_WORK TASK:_
Reproduce the entries that follow, exactly and in full.

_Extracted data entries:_
◇ ◇ ◇ ◇ ◇
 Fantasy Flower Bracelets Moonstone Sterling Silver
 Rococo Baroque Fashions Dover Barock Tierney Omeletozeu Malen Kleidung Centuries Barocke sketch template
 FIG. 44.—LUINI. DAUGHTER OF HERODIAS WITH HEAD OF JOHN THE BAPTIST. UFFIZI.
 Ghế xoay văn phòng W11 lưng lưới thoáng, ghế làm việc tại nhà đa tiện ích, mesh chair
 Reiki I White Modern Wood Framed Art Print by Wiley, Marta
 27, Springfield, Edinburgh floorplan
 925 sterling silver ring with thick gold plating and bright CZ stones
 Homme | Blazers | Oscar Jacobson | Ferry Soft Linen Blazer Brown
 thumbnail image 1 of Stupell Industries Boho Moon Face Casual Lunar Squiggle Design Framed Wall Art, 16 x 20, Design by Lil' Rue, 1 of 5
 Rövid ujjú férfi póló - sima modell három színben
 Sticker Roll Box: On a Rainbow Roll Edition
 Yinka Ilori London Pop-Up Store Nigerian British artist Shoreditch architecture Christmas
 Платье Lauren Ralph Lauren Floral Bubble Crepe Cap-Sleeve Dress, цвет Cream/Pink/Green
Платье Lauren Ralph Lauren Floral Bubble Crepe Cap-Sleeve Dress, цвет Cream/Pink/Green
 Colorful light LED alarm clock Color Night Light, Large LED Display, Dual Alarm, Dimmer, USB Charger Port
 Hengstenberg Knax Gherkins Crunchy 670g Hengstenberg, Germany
◇ ◇ ◇ ◇ ◇
_RESULT OF THE TASK:_
 Fantasy Flower Bracelets Moonstone Sterling Silver
 Rococo Baroque Fashions Dover Barock Tierney Omeletozeu Malen Kleidung Centuries Barocke sketch template
 FIG. 44.—LUINI. DAUGHTER OF HERODIAS WITH HEAD OF JOHN THE BAPTIST. UFFIZI.
 Ghế xoay văn phòng W11 lưng lưới thoáng, ghế làm việc tại nhà đa tiện ích, mesh chair
 Reiki I White Modern Wood Framed Art Print by Wiley, Marta
 27, Springfield, Edinburgh floorplan
 925 sterling silver ring with thick gold plating and bright CZ stones
 Homme | Blazers | Oscar Jacobson | Ferry Soft Linen Blazer Brown
 thumbnail image 1 of Stupell Industries Boho Moon Face Casual Lunar Squiggle Design Framed Wall Art, 16 x 20, Design by Lil' Rue, 1 of 5
 Rövid ujjú férfi póló - sima modell három színben
 Sticker Roll Box: On a Rainbow Roll Edition
 Yinka Ilori London Pop-Up Store Nigerian British artist Shoreditch architecture Christmas
 Платье Lauren Ralph Lauren Floral Bubble Crepe Cap-Sleeve Dress, цвет Cream/Pink/Green
Платье Lauren Ralph Lauren Floral Bubble Crepe Cap-Sleeve Dress, цвет Cream/Pink/Green
 Colorful light LED alarm clock Color Night Light, Large LED Display, Dual Alarm, Dimmer, USB Charger Port
 Hengstenberg Knax Gherkins Crunchy 670g Hengstenberg, Germany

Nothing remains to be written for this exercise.